Problem description: Nothing in the records should differ when they are repeated. Restate them word for word.

Exercise inputs:
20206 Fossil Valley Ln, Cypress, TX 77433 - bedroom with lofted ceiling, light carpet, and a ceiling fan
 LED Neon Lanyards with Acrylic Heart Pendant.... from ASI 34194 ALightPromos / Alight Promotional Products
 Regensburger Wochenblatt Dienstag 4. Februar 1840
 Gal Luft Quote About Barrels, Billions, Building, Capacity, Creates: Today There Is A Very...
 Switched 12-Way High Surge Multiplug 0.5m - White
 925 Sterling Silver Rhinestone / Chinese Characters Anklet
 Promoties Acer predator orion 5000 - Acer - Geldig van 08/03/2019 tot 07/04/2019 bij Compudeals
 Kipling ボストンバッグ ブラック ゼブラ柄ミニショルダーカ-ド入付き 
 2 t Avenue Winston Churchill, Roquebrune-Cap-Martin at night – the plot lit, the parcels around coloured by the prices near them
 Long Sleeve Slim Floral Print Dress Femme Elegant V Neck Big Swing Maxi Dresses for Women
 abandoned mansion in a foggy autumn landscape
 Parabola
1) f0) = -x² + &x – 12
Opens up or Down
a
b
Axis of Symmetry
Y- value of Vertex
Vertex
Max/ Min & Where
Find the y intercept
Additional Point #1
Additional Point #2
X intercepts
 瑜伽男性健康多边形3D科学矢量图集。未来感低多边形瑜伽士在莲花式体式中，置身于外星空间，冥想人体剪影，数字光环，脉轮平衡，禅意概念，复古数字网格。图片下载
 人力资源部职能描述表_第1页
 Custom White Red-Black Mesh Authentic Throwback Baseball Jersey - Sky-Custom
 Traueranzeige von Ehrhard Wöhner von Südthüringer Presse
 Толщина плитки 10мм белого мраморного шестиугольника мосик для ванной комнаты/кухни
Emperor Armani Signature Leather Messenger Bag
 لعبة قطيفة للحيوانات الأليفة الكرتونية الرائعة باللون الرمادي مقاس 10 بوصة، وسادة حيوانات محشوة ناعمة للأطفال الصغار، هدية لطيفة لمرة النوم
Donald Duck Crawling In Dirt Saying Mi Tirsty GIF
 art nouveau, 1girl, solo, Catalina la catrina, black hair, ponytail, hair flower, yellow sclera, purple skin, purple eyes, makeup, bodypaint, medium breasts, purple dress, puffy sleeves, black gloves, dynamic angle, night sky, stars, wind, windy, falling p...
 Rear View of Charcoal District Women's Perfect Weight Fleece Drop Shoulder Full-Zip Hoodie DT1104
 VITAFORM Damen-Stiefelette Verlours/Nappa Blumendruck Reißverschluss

Solved problem:
20206 Fossil Valley Ln, Cypress, TX 77433 - bedroom with lofted ceiling, light carpet, and a ceiling fan
 LED Neon Lanyards with Acrylic Heart Pendant.... from ASI 34194 ALightPromos / Alight Promotional Products
 Regensburger Wochenblatt Dienstag 4. Februar 1840
 Gal Luft Quote About Barrels, Billions, Building, Capacity, Creates: Today There Is A Very...
 Switched 12-Way High Surge Multiplug 0.5m - White
 925 Sterling Silver Rhinestone / Chinese Characters Anklet
 Promoties Acer predator orion 5000 - Acer - Geldig van 08/03/2019 tot 07/04/2019 bij Compudeals
 Kipling ボストンバッグ ブラック ゼブラ柄ミニショルダーカ-ド入付き 
 2 t Avenue Winston Churchill, Roquebrune-Cap-Martin at night – the plot lit, the parcels around coloured by the prices near them
 Long Sleeve Slim Floral Print Dress Femme Elegant V Neck Big Swing Maxi Dresses for Women
 abandoned mansion in a foggy autumn landscape
 Parabola
1) f0) = -x² + &x – 12
Opens up or Down
a
b
Axis of Symmetry
Y- value of Vertex
Vertex
Max/ Min & Where
Find the y intercept
Additional Point #1
Additional Point #2
X intercepts
 瑜伽男性健康多边形3D科学矢量图集。未来感低多边形瑜伽士在莲花式体式中，置身于外星空间，冥想人体剪影，数字光环，脉轮平衡，禅意概念，复古数字网格。图片下载
 人力资源部职能描述表_第1页
 Custom White Red-Black Mesh Authentic Throwback Baseball Jersey - Sky-Custom
 Traueranzeige von Ehrhard Wöhner von Südthüringer Presse
 Толщина плитки 10мм белого мраморного шестиугольника мосик для ванной комнаты/кухни
Emperor Armani Signature Leather Messenger Bag
 لعبة قطيفة للحيوانات الأليفة الكرتونية الرائعة باللون الرمادي مقاس 10 بوصة، وسادة حيوانات محشوة ناعمة للأطفال الصغار، هدية لطيفة لمرة النوم
Donald Duck Crawling In Dirt Saying Mi Tirsty GIF
 art nouveau, 1girl, solo, Catalina la catrina, black hair, ponytail, hair flower, yellow sclera, purple skin, purple eyes, makeup, bodypaint, medium breasts, purple dress, puffy sleeves, black gloves, dynamic angle, night sky, stars, wind, windy, falling p...
 Rear View of Charcoal District Women's Perfect Weight Fleece Drop Shoulder Full-Zip Hoodie DT1104
 VITAFORM Damen-Stiefelette Verlours/Nappa Blumendruck Reißverschluss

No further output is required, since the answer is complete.